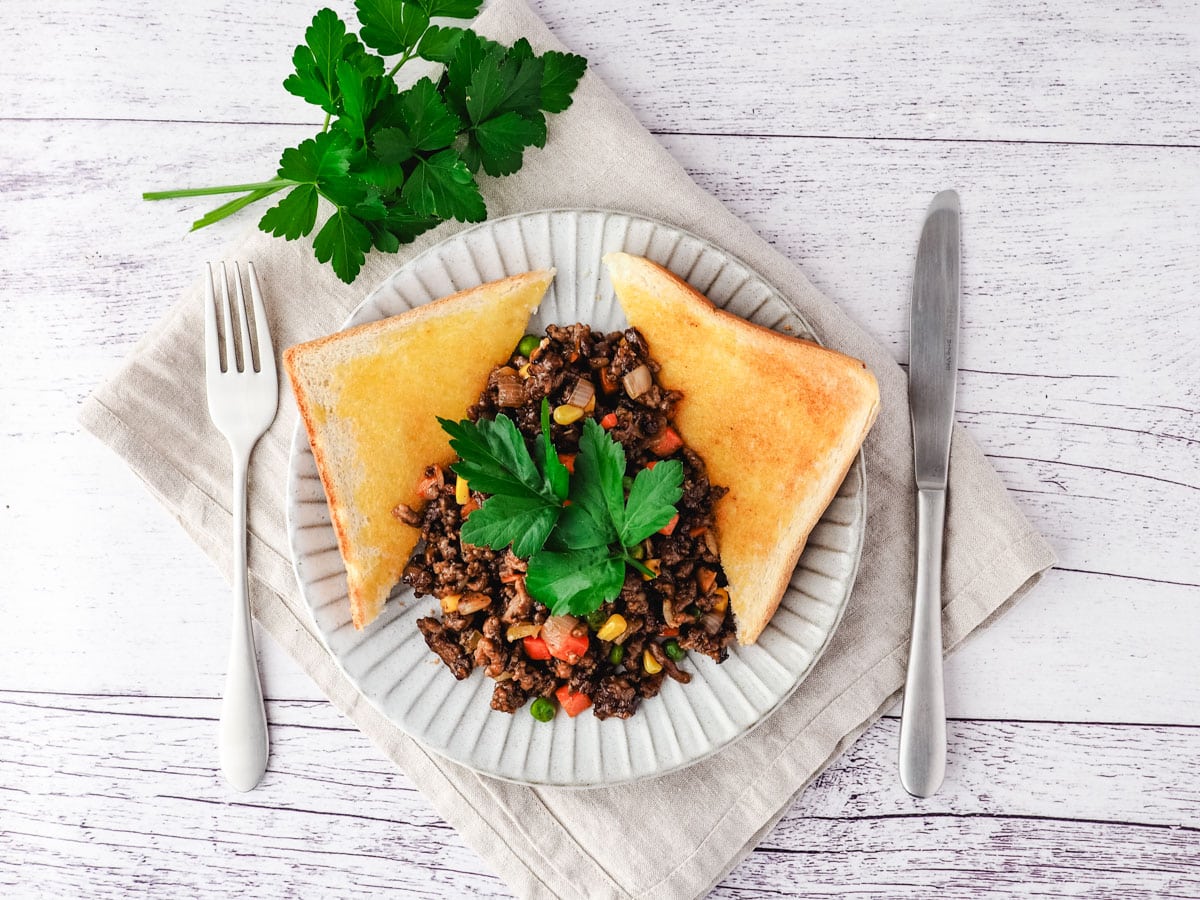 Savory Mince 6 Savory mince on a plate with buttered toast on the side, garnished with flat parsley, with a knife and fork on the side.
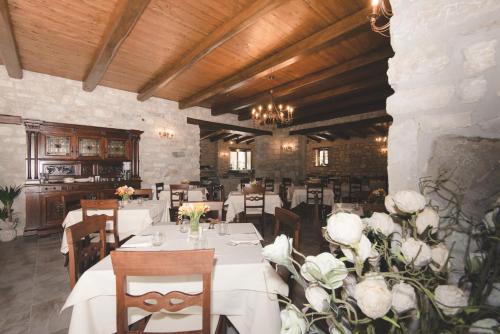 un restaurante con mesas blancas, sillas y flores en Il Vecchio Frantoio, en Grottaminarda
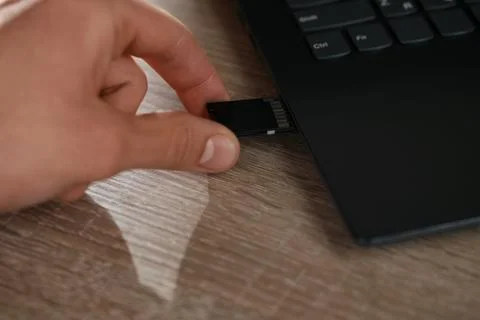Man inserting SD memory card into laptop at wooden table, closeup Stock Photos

• • • •

Reproduce exactly and only the lines from the line that contains "un restaurante con" to the end of the data above, both ends included. No pictures go in the copy.

> Written reply:
 un restaurante con mesas blancas, sillas y flores en Il Vecchio Frantoio, en Grottaminarda
Man inserting SD memory card into laptop at wooden table, closeup Stock Photos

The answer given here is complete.